As long as you have your barcode you can show up to any parkrun in the world, run and have your results recorded.
Some people get nervous about being a Park run tourist because they’re in a new location and probably unfamiliar with the run route. If this sounds like you, please don’t worry.
The volunteer marshalls and race directors who organise and manage each park run are usually extremely helpful. They will usually always be on hand come race day to give a run briefing and answer any questions tourists may have.
What are the benefits of being a Parkrun tourist?
1. It’s a nice change from your usual route
If you run the same parkrun route every Saturday morning, things could soon become stale. You may become overly familiar with your hometown route and start to get bored. Not only is boredom linked to anxiety and depression, it can also lead to a loss of passion. Not good when you want to run to enjoy yourself.
Therefore, mixing up your parkroute by being a tourist every now and then is great for staying stimulated and avoiding boredom. Try being a Parkrun tourist once a month, if you can.
2. Get your Parkrun in whilst travelling
Whenever you’re away from home and on your travels, it’s a great idea to become a parkrun tourist and get a workout in. It’s a fun and unique way to get your run in whilst on the go.

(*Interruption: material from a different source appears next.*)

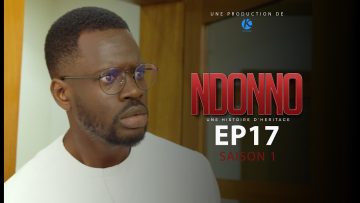 Ndonno Episode 17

Whilst the place you’re travelling to, or through, isn’t guaranteed to have a parkrun, it’s always good to check. Simply go on Google and type in ‘parkruns in’ followed by wherever you’re travelling. For instance, when I went on a UK tour with my band I knew I would be in Southampton on a Saturday morning. After a bit of research, I found a Southampton parkrun and became a parkrun tourist on my travels. If you’re going to be somewhere different from home on a Saturday morning, check online if there’s a parkrun nearby. It’s a great opportunity to be a parkrun tourist!
3. All parkruns follow the same process
Regardless if you’re at the Glasgow parkrun or the Royal Tunbridge Wells parkrun, the process is always the same. Consistency in the parkrun process means it’s easy for runners to understand how the race works, whatever neck of the woods they happen to come from.

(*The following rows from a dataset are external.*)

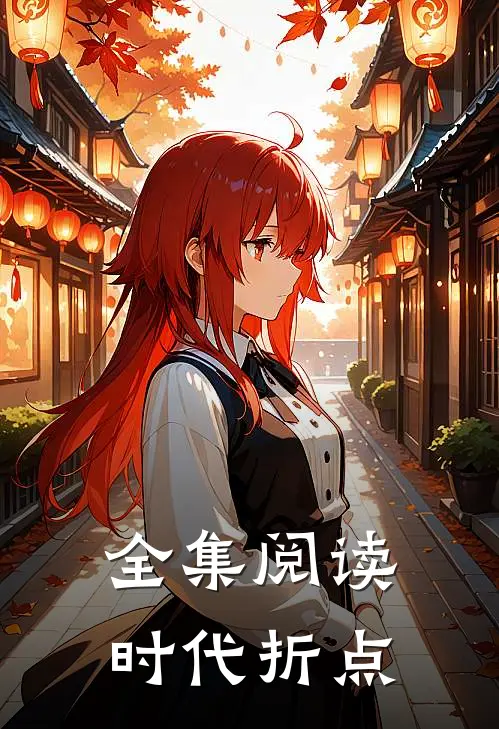 全集阅读时代折点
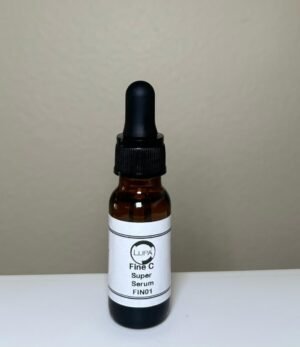 Lupa - Suero de vitamina C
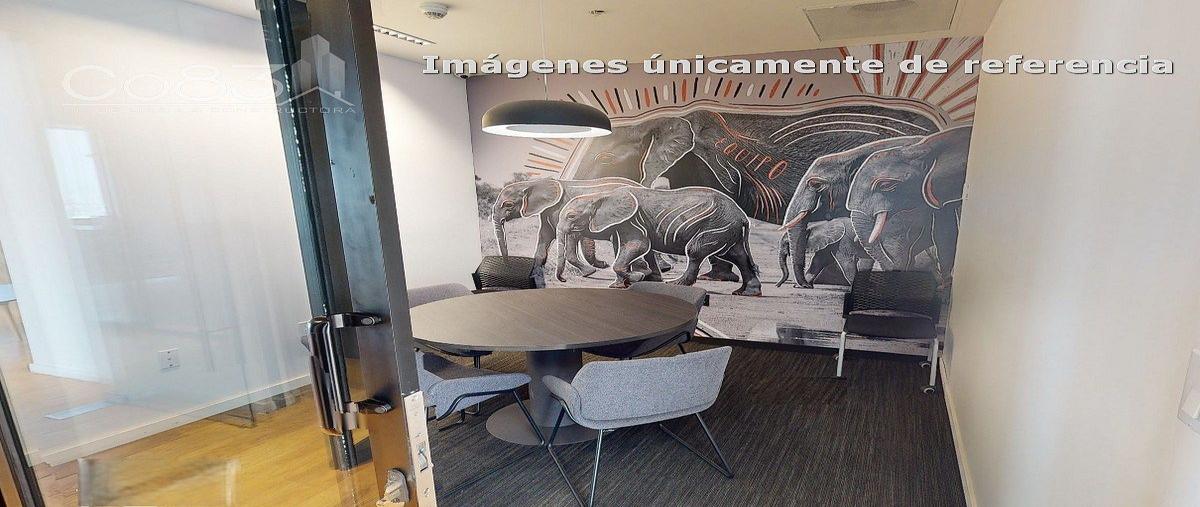 Foto de oficina en renta en paseo de la reforma , juárez, cuauhtémoc, df / cdmx, 30897772 No. 04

What is the parkrun process?
As a park-runner your experience might look something like this:
- Rock up to the briefing area to receive instructions from the race director approximately 10-15 minutes before the start.
- Line up to start and get your Garmin ready.
- Run the 5K as fast or as slow as you like.
- Finish, grab your placing number token and hand it to a scanner volunteer along with your personal barcode.
- Parkrun finished!
It really is that simple. Thanks to this straightforward, uncomplicated process, it’s easy to rock up to any park run as a tourist and get involved. No barriers or complicated procedures necessary.
4. Meet new people
If you’re a sociable person, being a parkrun tourist is a great opportunity to meet new people. you might learn something new, gain a different perspective and enhance your communication skills.
There are many opportunities for a chat with fellow runners. In the pre-run briefing area, during the run and afterwards when scanning your bar code.
Most of the parkruns tend to be near somewhere serving hot drinks so, if appropriate, you could have a drink with new running buddies. Become a parkrun tourist and meet new people.
5. Exploring new places
Seeing fresh locations is one of the best parts of being a parkrun tourist.
Not only do you get in a productive workout but you also get to see new parts of the world.
Whether it’s 20 minutes down the road in a neighbouring town or in another country, there’s always a new parkrun location to discover.
I live in Maidstone, Kent and my local parkrun is along the river Medway. Running along the river is scenic and calming but it’s lovely to explore different locations every now and then.
Recent examples of when I’ve seen new places as a parkrun tourist are when I took part in the Gravesend Shorne Wood parkrun (trail in woodland) and the Tonbridge and Malling parkrun (gravel path around a lake) at Leybourne Lakes.
Awaken your sense of adventure and see the world by becoming a regular parkrun tourist.